Sensorial Superpowers

Young children are in a powerful process of creating an understanding of their world and where they fit in. To do this, they rely upon their senses as an interface to the world. Everything that comes into young children’s minds comes through their senses.

During the first few years of life, children are absorbing sensory input without any discrimination. Then around age two-and-a-half to age three, children begin to bring images from their subconscious into their consciousness. They begin to work with these images and in the process embark on an important journey of building their intelligence.

The Sensorial Materials

To support this development, Montessori programs offer carefully designed sensorial materials.

that follow a formal, systematic approach. The materials isolate each sensorial quality and offer children what Dr. Maria Montessori called the “keys to the world.” In addition, the sensorial materials support children’s classification of impressions and lead to clear levels of conscious discrimination. If children have these experiences in the formative period of brain development, they establish a foundation for a lifetime of order and precision, as well as logical, reasoned thinking.

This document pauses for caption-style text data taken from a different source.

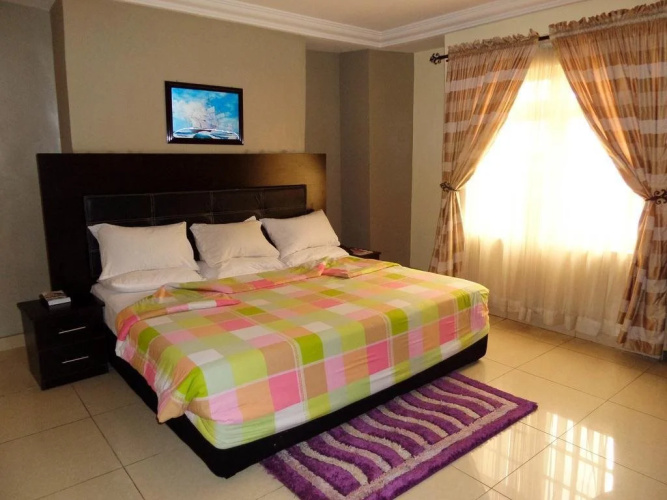 Regia Luxuria Hotel & Suites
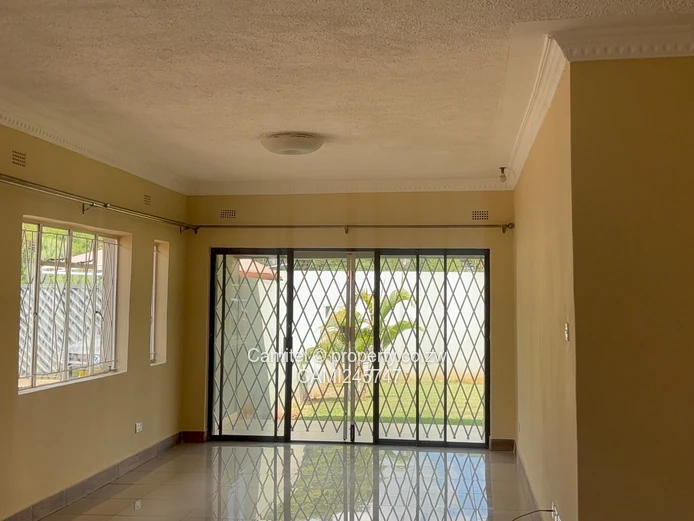 Spacious 3-Bed Garden Flat | Modern Kitchen & Borehole — Harare North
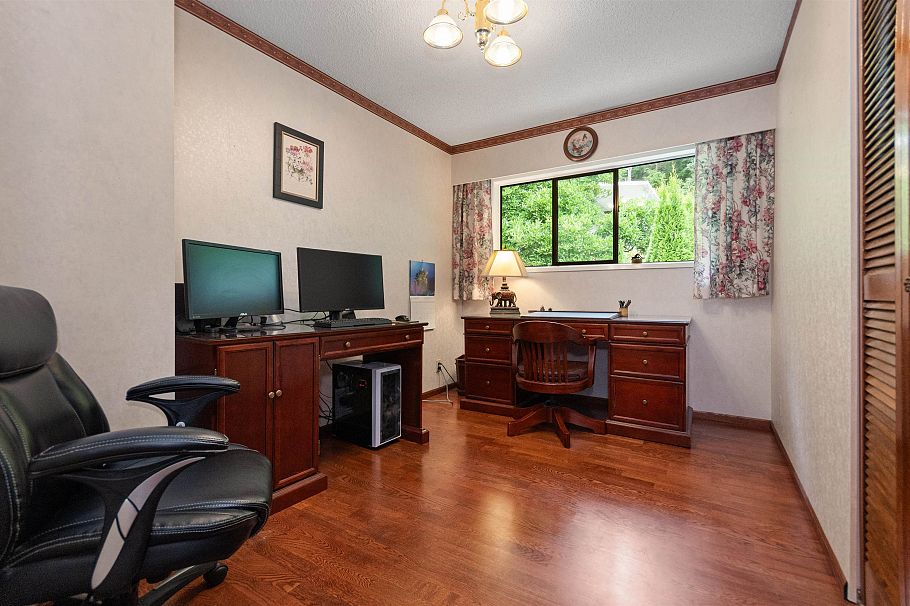 3772 Dollarton Highway North Vancouver, BC - 21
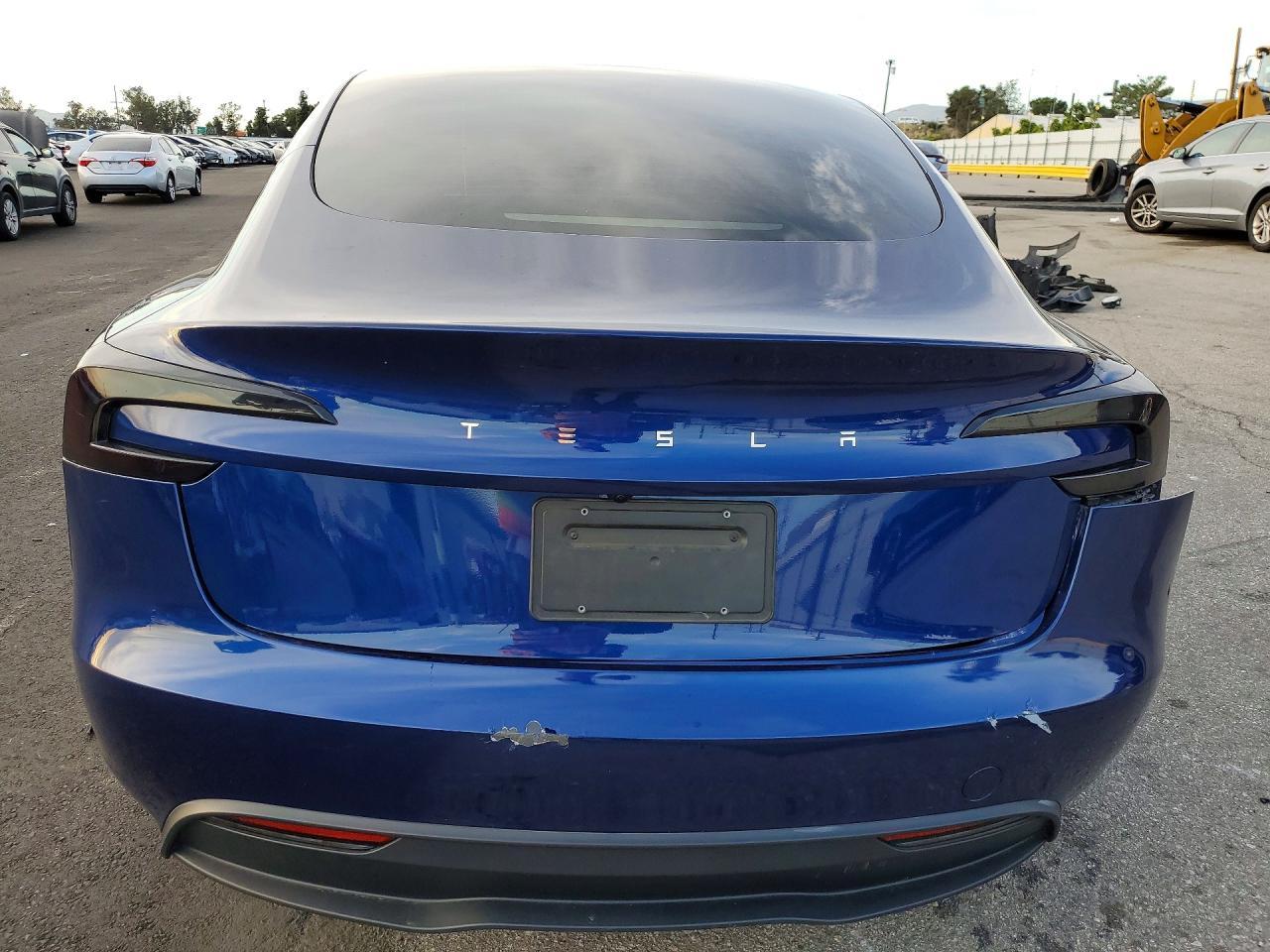 2024 Tesla Model 3 - Фото 6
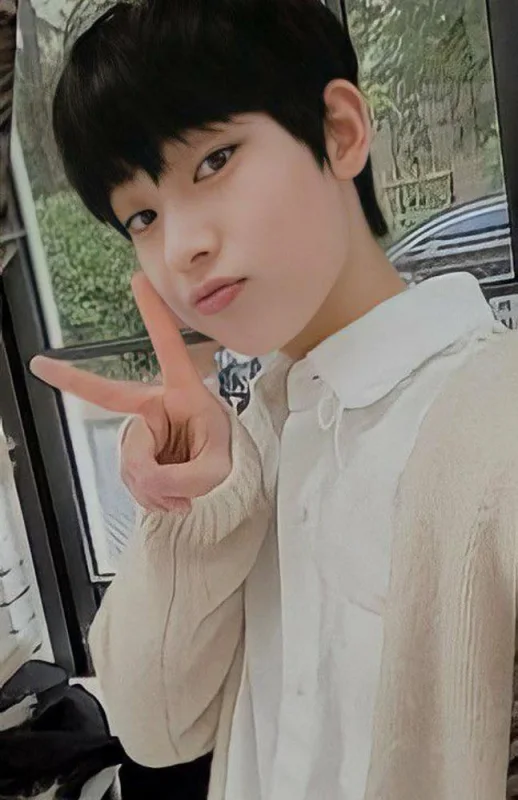 Sunoo — 2021 SEASON’S GREETINGS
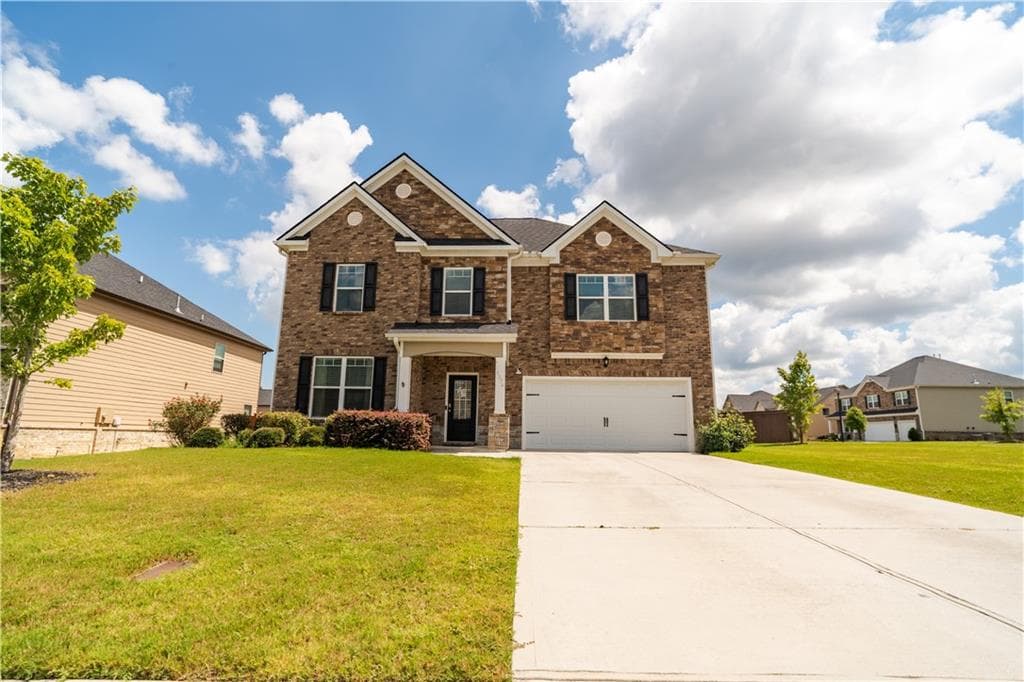 5 bedroom, 3 bathroom, 3,250 sq ft single family residence for sale at 3276 Papyrus Palm Road, Loganville, GA 30052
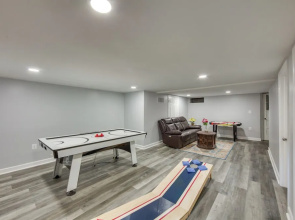 1 Mi to Hersheypark: Family Home w/ Game Room!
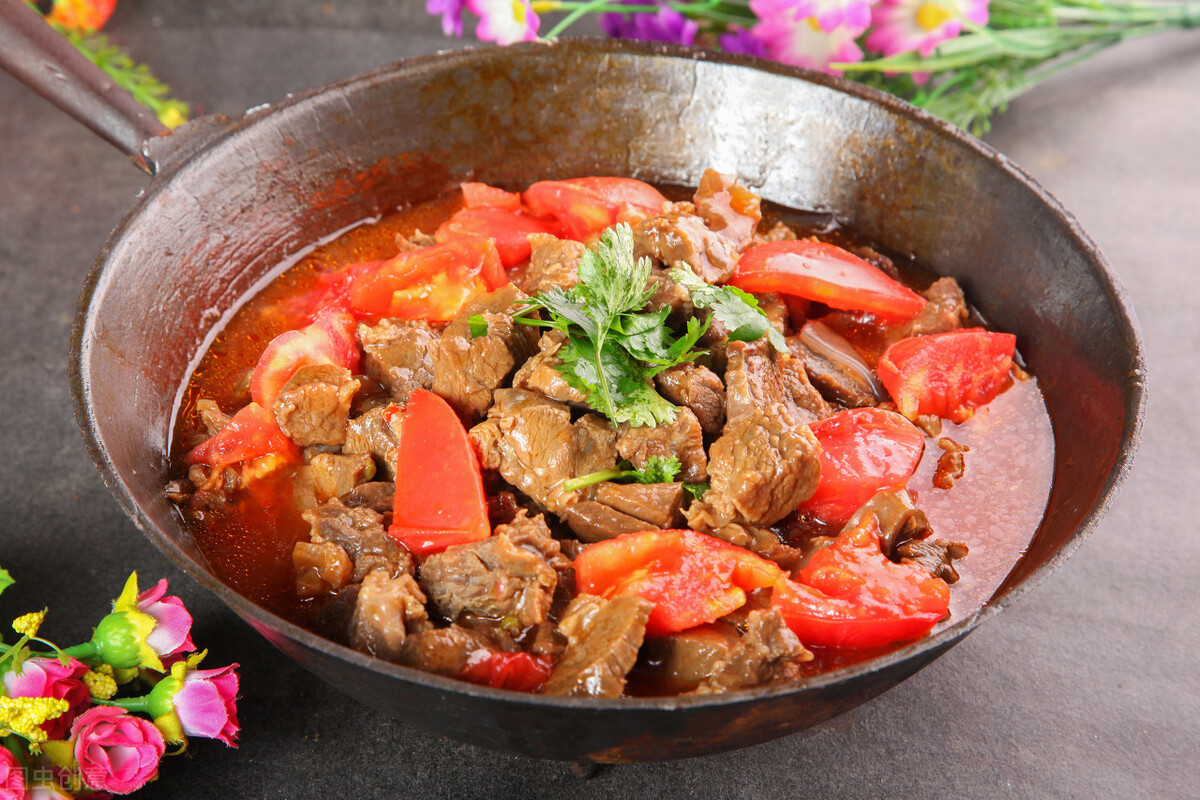 家常炖牛肉怎么做好吃窍门,家常炖牛肉怎么做好吃又烂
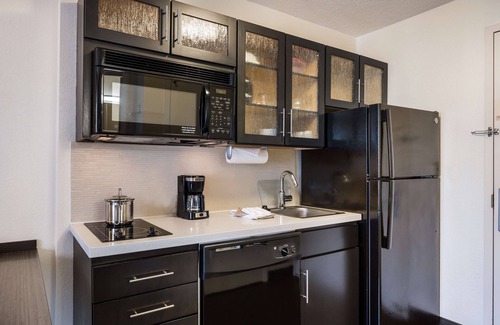 Waukegan Hotel | Sonesta Simply Suites Chicago Waukegan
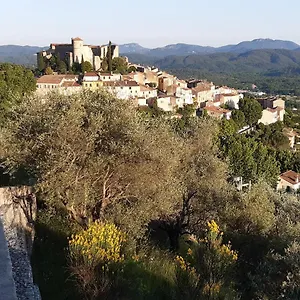 Au Cœur Du Village De Callian (Var)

How do sensorial materials accomplish all of this? Well, they have some really significant purposes!

Sensorial materials support children’s classification and categorization of sensorial impressions.

For young children, the first three years are like collecting impressions and throwing them into a closet. The images or concepts are a bit of a hodge-podge jumble, thus to go in and access what is needed from this unorganized collection can be a challenge. Because this warehouse of impressions doesn’t have order or classification, children need to develop mental organization so their collection of impressions becomes useful.

The sensorial materials help children to classify and categorize all of the impressions they have absorbed and unconsciously stored since birth. When children interact with the sensorial materials, images come out of their unconscious memory and come into working memory. As children use the materials, these impressions become part of their conscious memory. When children become accurate in distinguishing sensorial differences, we give language for the images, which then helps the concepts become fixed in children’s minds.

Children aren’t born with organized brains that have predetermined categories, so this neural organization has to be built up through experience.